NBCC Balakian award winner George Scialabba reviews the “excellent” new biography of Ignazio Silone by Stanislao Pugliese, Bitter Spring.
Well before the Beatles first LP (apologies to Larkin)…. This week marks the 50th anniversary of the landmark ruling concerning Grove Press’s suit against the Postal Service’s confiscation (on grounds of obscenity) of D.H. Lawrence’s Lady Chatterley’s Lover. In the New York Times, Fred Kaplan notes this signal moment in American publishing history.
Frank McCourt, who received the 1997 NBCC award in autobiography/biography for Angela’s Ashes, died on July 19 at age 78. In the New York Times, former students remember his stellar work as a high school writing teacher. And worth revisiting is this terrific 1996 Fresh Air interview with Terry Gross.

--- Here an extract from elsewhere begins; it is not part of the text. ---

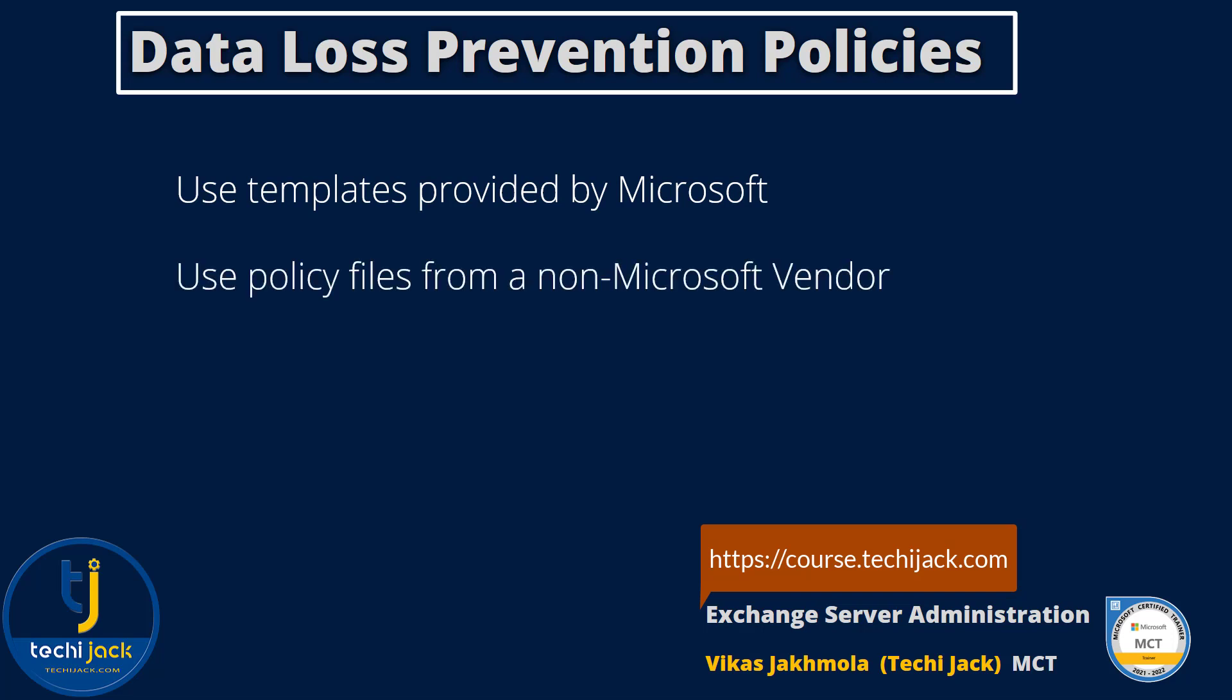You can use policy files from a non-Microsoft vendor as well, and you can create a custom policy. Let's move on to the server and see how we can configure transport rules and data loss prevention policies.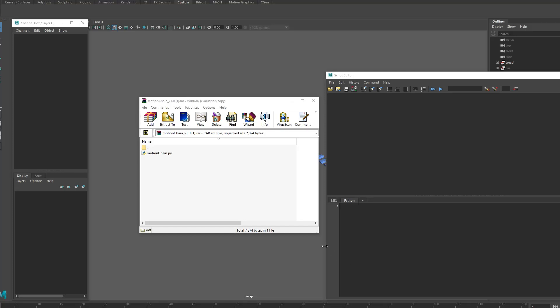Alright guys, quick video to show you a tool I made in Maya that will help you automate motion path setups, specifically motion paths that require fully populated curves such as tank treads.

At Barnes & Noble Review, NBCC board member Scott McLemee reviews Peter Alexander Meyers’s Civic War and the Corruption of the Citizen, and NBCC president Jane Ciabattari reviews James Lee Burke’s Rain Gods.
Nigel Beale talks to Ha Jin on the writer as migrant.

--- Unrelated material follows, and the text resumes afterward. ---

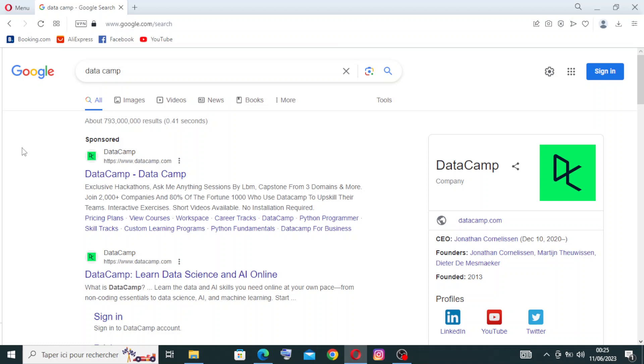Hey guys, what's up? I hope you're doing well. Today I'm back with this website - it's called DataCamp and it's an online learning platform that offers interactive courses on various topics related to data science, machine learning, programming, and data analysis.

Bookforum’s gone daily (on-line): Congrats and bon chance to NBCC members (and my former fellow BF soldiers) Albert Mobilio and Nicole Rudick!

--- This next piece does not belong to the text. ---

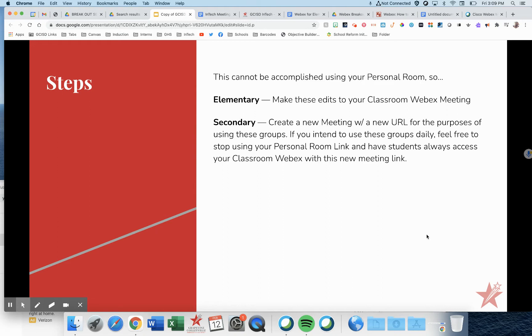Now, secondary, you're a little different. Your students generally are accessing you on WebEx through your personal room. So in order to make breakout groups and reuse them, you're going to need to create a new meeting with a new URL for the purposes of using these groups.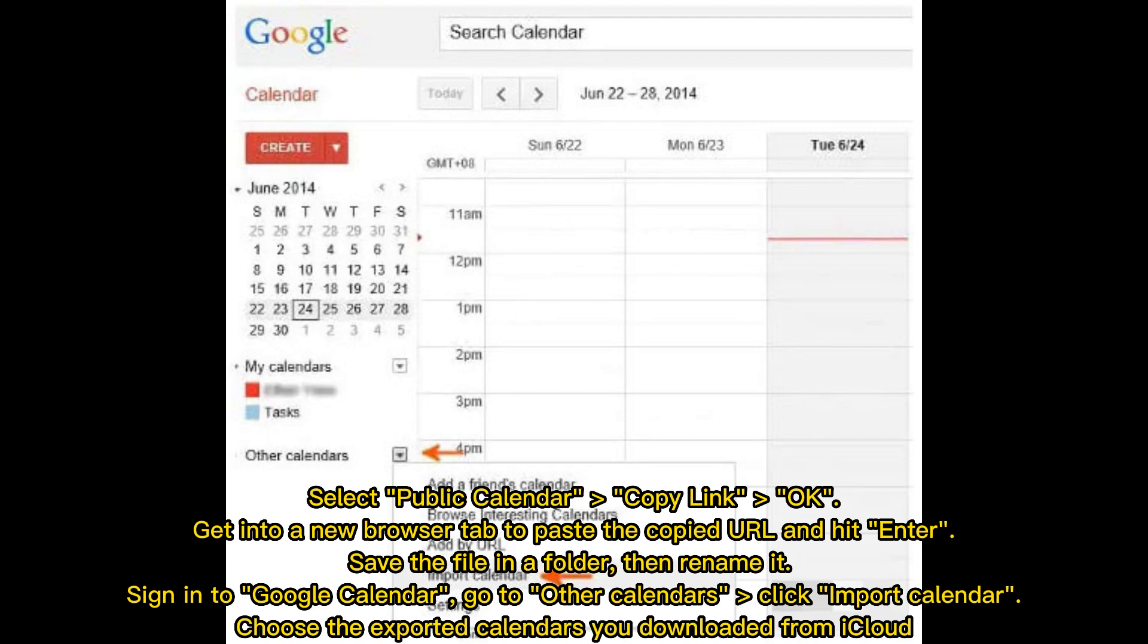Sign in to Google Calendar, go to Other Calendars, click Import Calendar. Choose the exported calendars you downloaded from iCloud.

In the Minneapolis Star Tribune, John Freeman reviews Colum McCann’s new Let the Great World Spin, a novel based on Philippe Petit’s 1974 tightrope jaunt between the Twin Towers. And in the St. Louis Post Dispatch, NBCC member Joe Peschel reviews Frederick Barthelme’s Waveland.
What’s on your postmodern reading list? In the LA Times‘s always interesting Jacket Copy, Carolyn Kellogg annotates her selection of 61 essential titles.